Mr Cameron had vowed to redouble his efforts after visiting a refugee camp in Jordan and hearing "horrendous" stories of some of those who have fled the violence.
British diplomats are already set for talks with opposition military commanders as part of the renewed drive - which the premier said should be a top priority for newly-re-elected US president Barack Obama.
He insisted during a three-day Middle East tour that Britain has no plans at present to directly arm rebel forces, pointing out that it was prohibited under the terms of a European Union arms embargo.
Whitehall officials are said however to be considering whether it could be justified under United Nations resolutions and sounding out potential support within Europe for amending the current restrictions.

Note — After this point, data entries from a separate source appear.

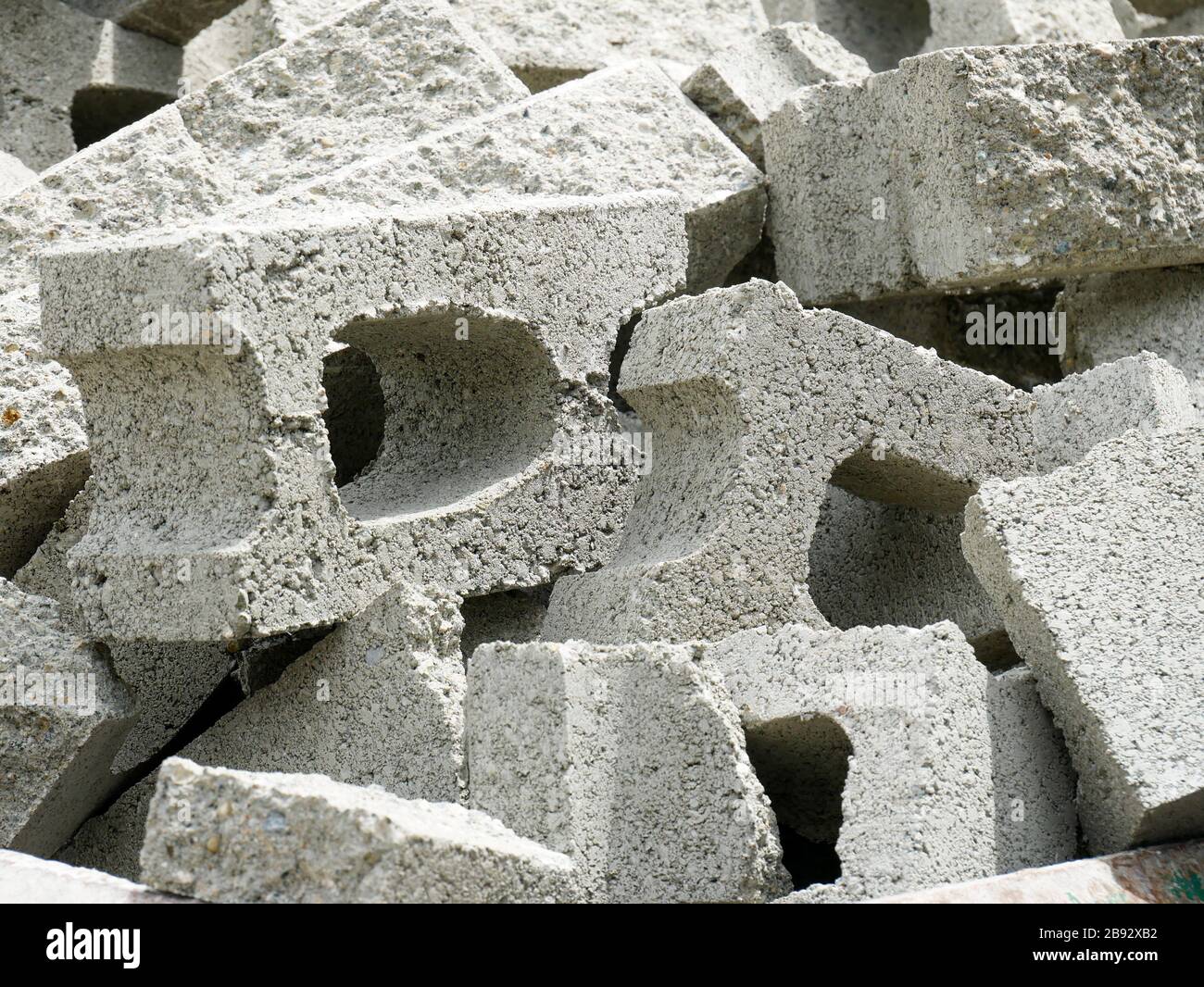 Haufen zerbrochener Betonsteine, die auf einem Bau- und Abbruchabfallgelände recycelt werden können Stockfoto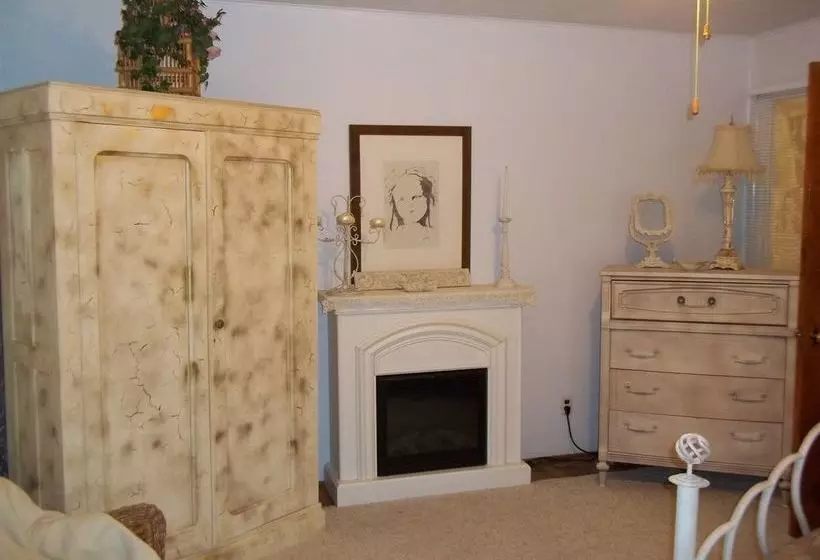 민박 The Rivers Edge Executive Suites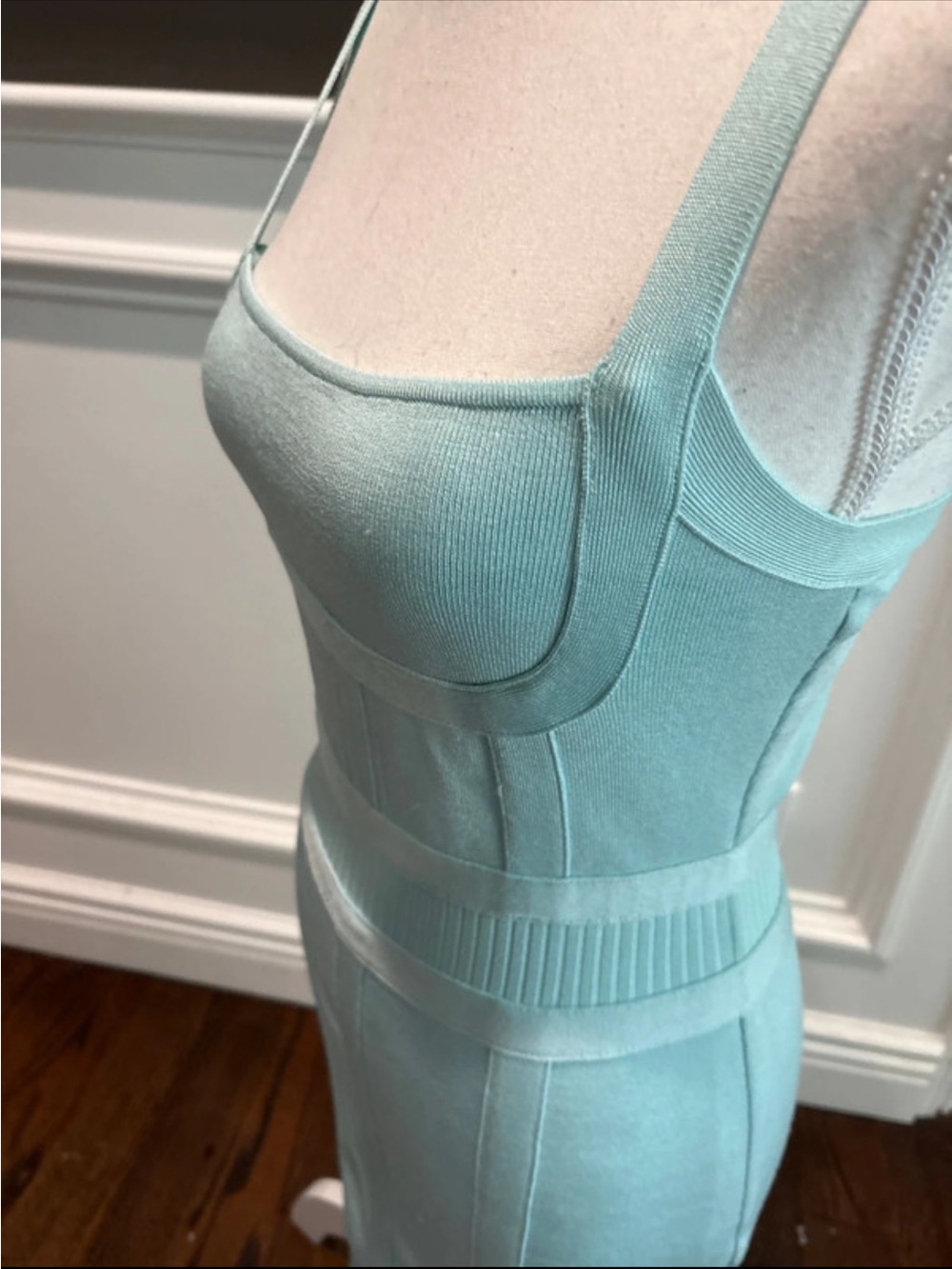 Guess Light Aqua fitted corset like Beautiful Midi Dress Small - Picture 6 of 9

Other possibile new approaches are the creation of United Nations-enforced "safe zones" within Syria's own borders for refugees - a move being urged on the UN by neighbouring Turkey.
Meanwhile, Mr Assad says he will "live and die" in Syria. His comments come two days after Mr Cameron suggested that Mr Assad could be allowed safe passage out of the country if that would guarantee an end to the civil war.
Mr Assad, who spoke in English with Russia Today TV, says he is not a puppet of the West. He says: "I am Syrian, made in Syria, and I will live and die in Syria."